En effet, nul ne peut contester, aujourd’hui, le droit de critiquer une religion, en ce compris le « droit de blasphèmer » : dans une société démocratique, il est permis de critiquer une religion, dans tous ses aspects. Soutenir ou défendre le contraire constituerait une grave entorse à la liberté de pensée, de conscience et de religion. L’Islam n’échappe pas à la règle. Il n’y a aucune raison pour que cette religion ne puisse être critiquée dans ses aspects négatifs, comme toute autre conviction religieuse ou philosophique d’ailleurs.
En revanche, se servir d’une religion comme média pour atteindre un groupe de population déterminé à des fins haineuses ou discriminatoires est illégitime et même condamnable. C’est cela, l’islamophobie en réalité : utiliser les préjugés ou la peur, représentés par l’altérité d’une religion, l’Islam, pour attiser la haine, susciter le rejet ou stimuler des réflexes ou pratiques discriminatoires contre les citoyens musulmans. La comparaison permet véritablement d’en prendre la mesure : en effet, d’aucuns, même pas les « ultra laïques », ne se sont jamais qualifiés de « christianophobes », et pour cause, puisqu’ils ont toujours eu pour souci de critiquer la religion chrétienne seulement, et non de discriminer les citoyens chrétiens.

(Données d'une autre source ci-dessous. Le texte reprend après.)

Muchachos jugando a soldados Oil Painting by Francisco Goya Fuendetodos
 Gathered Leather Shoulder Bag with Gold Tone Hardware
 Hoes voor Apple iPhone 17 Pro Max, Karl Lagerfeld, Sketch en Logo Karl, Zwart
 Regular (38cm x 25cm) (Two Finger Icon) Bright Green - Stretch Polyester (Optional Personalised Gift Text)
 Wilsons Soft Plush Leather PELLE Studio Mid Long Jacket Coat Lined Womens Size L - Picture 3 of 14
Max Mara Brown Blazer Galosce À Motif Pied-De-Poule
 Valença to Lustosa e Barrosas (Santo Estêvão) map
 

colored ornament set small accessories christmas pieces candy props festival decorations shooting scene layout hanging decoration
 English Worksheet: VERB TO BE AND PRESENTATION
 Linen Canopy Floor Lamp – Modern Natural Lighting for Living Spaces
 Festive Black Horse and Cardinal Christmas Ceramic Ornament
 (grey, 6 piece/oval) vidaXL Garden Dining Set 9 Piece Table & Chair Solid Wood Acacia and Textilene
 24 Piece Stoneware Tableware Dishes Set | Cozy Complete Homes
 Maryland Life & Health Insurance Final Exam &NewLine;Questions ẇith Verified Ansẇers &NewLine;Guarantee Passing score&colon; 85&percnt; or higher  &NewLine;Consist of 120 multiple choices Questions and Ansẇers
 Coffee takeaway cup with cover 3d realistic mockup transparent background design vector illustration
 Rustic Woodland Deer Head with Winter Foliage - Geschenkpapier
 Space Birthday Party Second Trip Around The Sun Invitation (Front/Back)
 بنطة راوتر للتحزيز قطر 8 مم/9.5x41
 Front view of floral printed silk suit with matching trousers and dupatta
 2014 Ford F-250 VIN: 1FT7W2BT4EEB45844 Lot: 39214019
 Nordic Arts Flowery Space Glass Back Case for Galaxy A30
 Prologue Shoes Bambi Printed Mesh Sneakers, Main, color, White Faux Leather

L’opinion publique ne doit donc pas être dupe : l’islamophobie, telle que la prêche et la pratique Filip Dewinter, constitue bel et bien une forme de racisme et d’incitation à la haine raciste. D’ailleurs, même si l’interview ne vise qu’une religion et pas une communauté, il est cependant clair que, dans les faits, la communauté musulmane en Europe et plus précisément en Belgique a, dans son ensemble, une origine étrangère (essentiellement marocaine, mais également turque, pakistanaise, albanaise, etc.), de telle sorte que, sous prétexte de phobie contre une religion déterminée, les populations avec des origines ethniques ou nationales étrangères sont également visées, au travers de leur religion islamique.